The mean annual absolute daily maximum temperature (Fig. 12a) showed a great variability, with the highest values (>44C) in the central part of the Guadalquivir valley and widespread areas with values over 40 C in the southern half of Iberian Peninsula (IP), the lowest areas of the Ebro Valley and inner areas of larger islands, reflecting a continentality effect. The lowest values were found at the highest elevations as the Pyrenees and the Iberian range and also at the northern IP. In this case, the uncertainty was inverse to the spatial distribution of the variable (Fig. 12b), with higher values in the north and at the highest elevations in the Canary Islands and lower values in areas where maximum temperature is higher. On the other hand, the mean annual absolute daily minimum temperature presented a completely different spatial distribution (Fig. 12c) especially in southern part of the IP, where there was a southwest–northeast gradient interrupted by high elevations of the Sierra Nevada and Cazorla. The northern half of the IP showed a similar pattern to the previous index, with coldest temperatures ($<-\mathrm{10}$C) coinciding with lower values of maximum temperature. The uncertainty of this variable (Fig. 12d) was lower than the previous one, with almost all the Spanish territory below 1 C. The lowest values were found at the northwestern IP and the highest ones in coastal areas of Mallorca.

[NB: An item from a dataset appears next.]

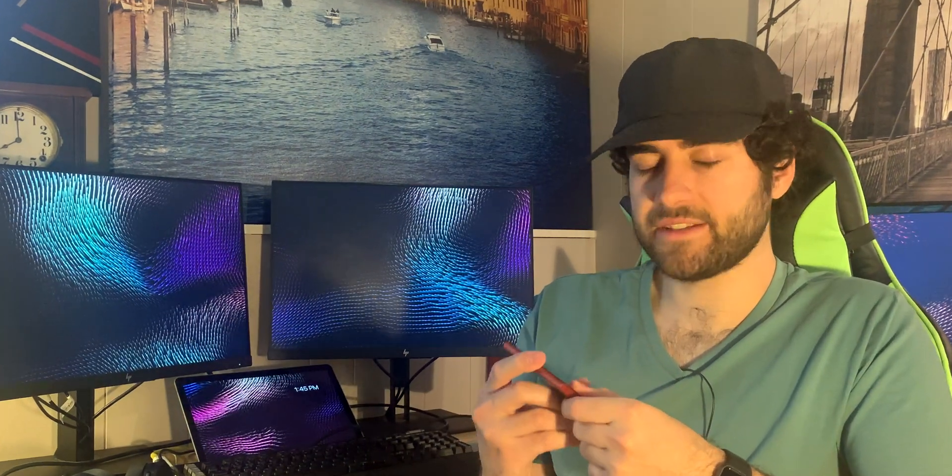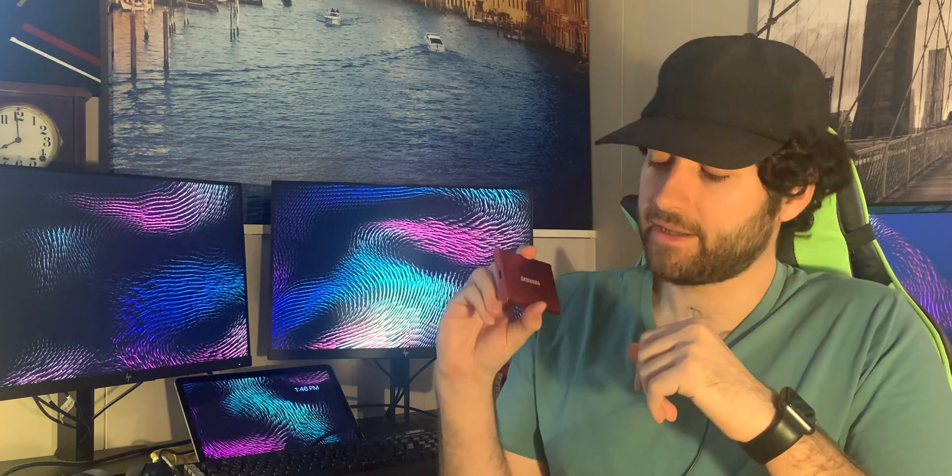This uses NVMe storage and has no moving parts, so it's not going to break. The T7 has a USB 3.2 Gen 2 interface at 10 gigabytes per second, backwards compatible with USB 2.0 and USB 3.0, with speeds up to 1050 megabytes per second read and write. It also has UASP support, which means it performs up to 70% faster read speeds and 40% faster write speeds at peak performance. It has built-in AES 256-bit hardware encryption so all your files are secure, and it includes a three-year limited warranty — so if anything happens, they'll give you a brand new one. Keep the box though.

Figure 12Mean annual (1981–2010) values for (a) absolute daily maximum temperature, (c) absolute daily minimum temperature and their corresponding uncertainty (b, d, respectively).

## 4.4 Spatial distribution and uncertainty of frost days and tropical nights

The mean annual number of frost days (Fig. 13a) varied from less than 10 in coastal areas of the IP and in all the Balearic and Canary Islands to more than 200 at the highest elevations of the Pyrenees. Between these extremes, a similar increasing gradient such as the minimum temperature was found in the southern part of the IP and in the Ebro Valley, while the northern plateau was dominated by a range of 50–100 d. The spatial distribution of the uncertainty (Fig. 13b) coincided with the variable with the highest values where the number of frost days was higher. However, some exceptions were found: one at the northeastern IP, with a high uncertainty of the relatively low number of frost days; and another at the high elevations of the Pyrenees, where the uncertainty was low with regard to the high number of days. Low values of uncertainty in the Balearic and Canary Islands are due to the few frost days per year.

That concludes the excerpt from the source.